Not even a degree from one of the nation's most prestigious universities will help you excel at entrepreneurship, but it can swing the learning curve. I should know.
Before launching my second company Infographic World in 2009, I earned a Master of Business Administration from Binghamton University. While I'm certain that I'd still be an entrepreneur today if I hadn't attended graduate school, that experience did help prepare me for the daily rigors of running a business. Among others, I'm able to create financial models and develop marketing campaigns. In addition, I was able to make connections with people who would later become key investors. I also learned how to manage people and businesses.
But of course, for every guy like me, there's someone else who had the opposite experience -- either they thought school was a waste of time or they begrudge getting stuck with massive student loans. So the question remains: Should you put off entrepreneurship and study it first or run right out and start up? Though either path has its own pros and cons, if you choose school first, make sure you pack these three lessons into your coursework:
- Develop confidence. Use your classes as a tool to develop your confidence in risk-taking. Risks taken in a simulated setting will serve as a base for potentially difficult real-world decisions. Just make sure you choose classes that get you involved. Look for courses that force you to operate as if you were starting a business. Whether it's pitching a company to financial backers or bootstrapping, that practice could pay off once you really do start up.

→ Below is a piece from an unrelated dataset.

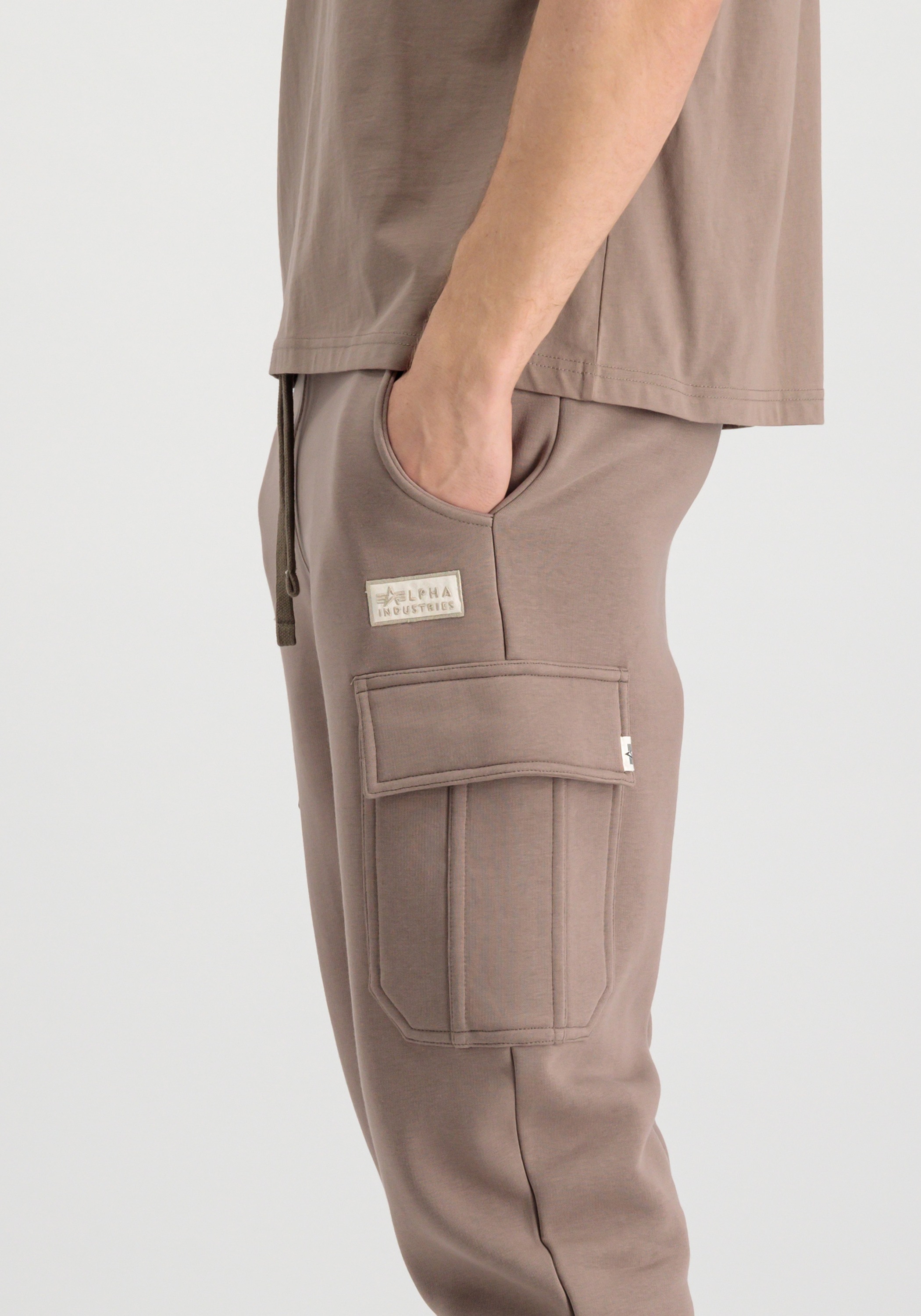 Alpha Industries Jogginghose »ALPHA INDUSTRIES Men - Jogger Organics Cargo Jogger«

- Take case studies to heart. While the things you learn in a classroom setting can come off as "stuffy," it's important to take them in too. Learn about management styles, financial models and marketing successes. Then, figure out how to take these examples and scale them to fit your specific company. This knowledge base will help you avoid making the most basic mistakes.
- Learn from the best. Seek out professors who will challenge you. It might seem more beneficial to coast with an easy course load and focus your efforts on entrepreneurial experiences outside the classroom. But, at many schools, entrepreneurship professors are seasoned veterans who can help you through the uncertain beginning stages of a business. Use the resources that your degree program offers you while they're still available. If you don't, you're throwing away money.
Use your education to develop your risk tolerance, and apply the resources -- classes and professors -- that you know will challenge you to thrive. But don't rely on the things you've learned in school for all of your business decisions. A degree is a degree, but your experience will define your ability to succeed as an entrepreneur in the real world.